Wednesday, February 08, 2012

Wednesday Book Day

Last week, I don't know if the books I read wrung out my emotions, or if my emotions caused me to take the books harder than I normally would have, but whew, after those I needed something fluffy and sweet.

How to Sleep with a Movie Star by Kristin Harmel filled that order. (Luckily, since it was another one I judged by the cover and didn't read any reviews or synapsis about. I don't know why I dive right in and won't take a minute to check it out first.)

Claire is the Celebrity reporter for a women's managzine in New York, and she gets the assignment to interview Hollywood's #1 Hottie, Cole Brannon (think Brad Pitt, or Johnny Depp - in their day. Um, now I guess it would be... um... or... hm, seems I don't know who the current Hotties are).

Claire's an experienced reporter and isn't really impressed by actors, though she does end up liking Cole as a person. But she knows better than to mix business with pleasure, and besides she had a boyfriend.
One day she caught her boyfriend cheating on her, and ended up getting drunk in a bar, where Cole Brannon happened to be hanging out. She passed out and he took care of her.

Turned out the woman the boyfriend was cheating with was the sister of a real bitch that Claire worked with. She came to Claire's apartment to pick up the purse her sister had left behind, and saw Cole there. She was jealous and went to a Tabloid and leaked the story that Claire was sleeping with Cole.

Of course that's just the cut and dried version, and a lot more happens, and of course the Happily Ever After.

After that, and feeling better in general, I figured I was ready for Beautiful Disaster by Jamie McGuire.

This story came HIGHLY recommended, and was supposed to be along the lines of the Fifty Shades books, with the tortured, alpha Hero. Pffft. He was nothing more than a spoiled brat, throwing temper tantrums when he didn't get his way.

I really liked the story when I first began it, because I recognized it. I've written versions of this story myself.   And my stories are written as equally bad. Difference being, I know mine are bad and would be too embarrassed at publishing my ignorant scribblings.

I just can't for the life of me understand how this book garnered such high ratings and reviews.
Everyone likes a "Bad Boy", I get that, and Travis seems to start out that way, with the fighting, the tattoos, whoring around.  Then he meets Abby and I guess we have to assume he falls instantly head over heels in love with her.  It really seems more like he's just interested in 'bagging' her, another notch in his belt.
When she refuses to sleep with him, he likes being her friend and says he doesn't feel "like that" about her anymore.

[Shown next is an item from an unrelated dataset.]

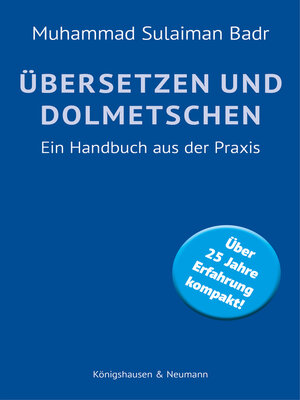cover image of Übersetzen und Dolmetschen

The story is all over the place; it starts out to make us think Abby is a sweet little innocent from Kansas, and Travis's father is a drunk and his four older brothers abused him. Neither of which is true.
The best friend, America (Mare for short....neigh) starts out warning Travis off of Abby, then is disappointed when Travis and Abby don't hook up.
It makes no sense that Abby didn't want to room with her bestie in the dorms, nor why the roommate she gets is so hateful all the time.

Travis is a "bad boy" and everyone is scared shitless of him, but they aren't scared to tease and laugh at him. He beats the hell out of one guy in the college cafeteria, and later the same freaking idiot does it again and gets his ass kicked again.
It completely lost any semblance of credibility when we had to suffer through the entire rendition of "I Can't Get No Satisfaction".
Not to even mention when Travis gets Abby's "name" tattoo'd on his wrist and she goes all melty. He got the name he called her - Pigeon - not HER name. How does she (we) know he doesn 't call every chick Pigeon? That wasn't at all sexy.

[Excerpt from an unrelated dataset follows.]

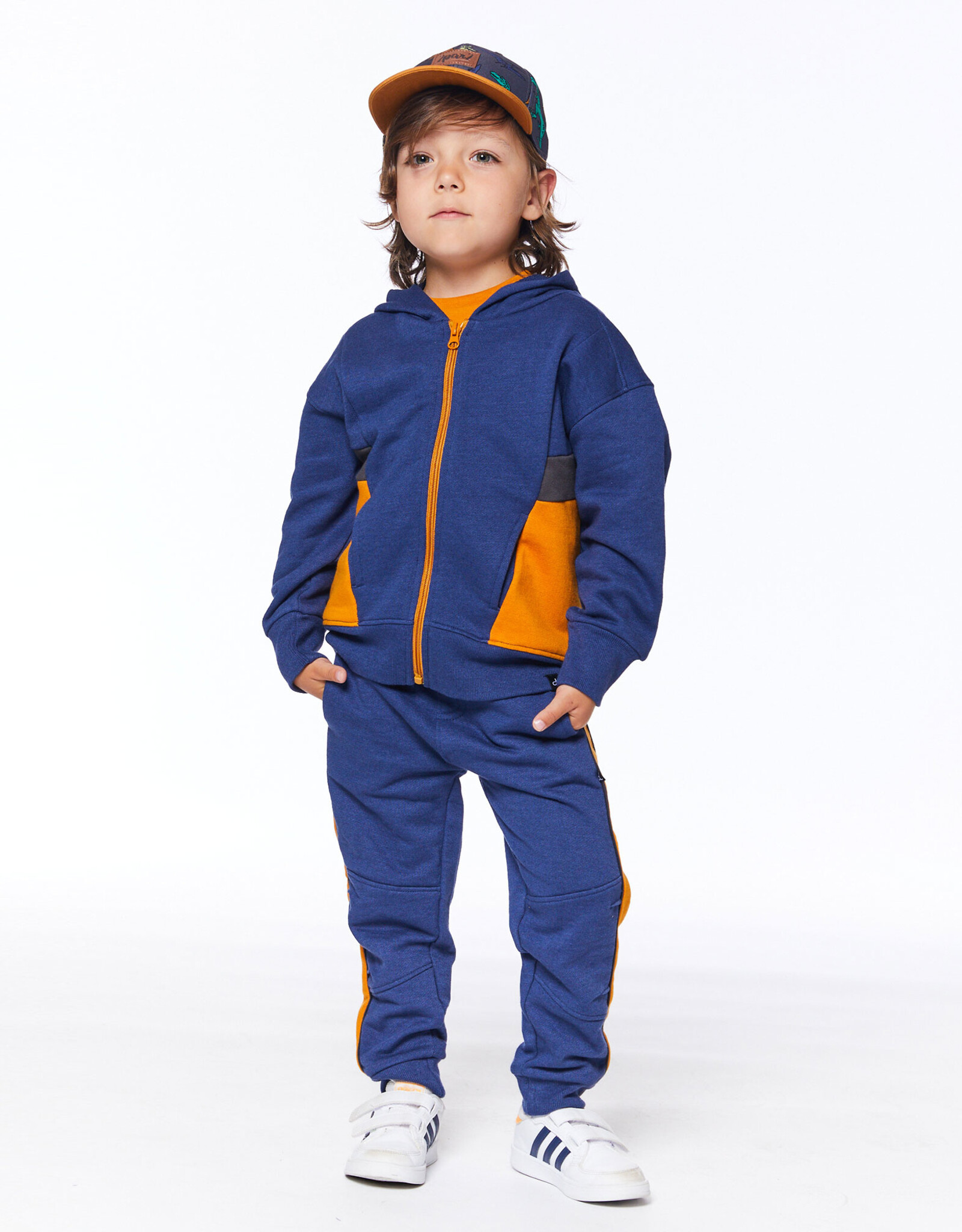 Deux Par Deux Blue Indigo Hoodie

I had to go look up the Bio on this Author, and I'm still not sure I believe it. It says she's a mother of two, but I think it's really probably a 14 year old kid, and all those good reviews are her middle school classmates.
I just don't see an adult loving such a poorly written book.

I read The Thrill of the Chase by Lynda Chance because it said it had a Firefighter character.

From Amazon:

Product Description
Warning: Alpha-Males are everywhere!
Lynda Chance is happy to present to you her style of erotic romance with a happily-ever- after: Monogamous, heterosexual and hot!
Three roommates. Three men. Three impossible situations!
Ashley Weldon runs scared when Ryan McKay puts moves on her that are too hot to handle! The more he pushes, the more she pulls back.
While Ryan chases Ashley, his friend Gibson Jones is quietly stalking Ashley’s younger cousin, Julie.
Throw in a hot firefighter, protective girlfriend, some sexting and a Corvette or two, and you have Temptation in Texas, Houston Style!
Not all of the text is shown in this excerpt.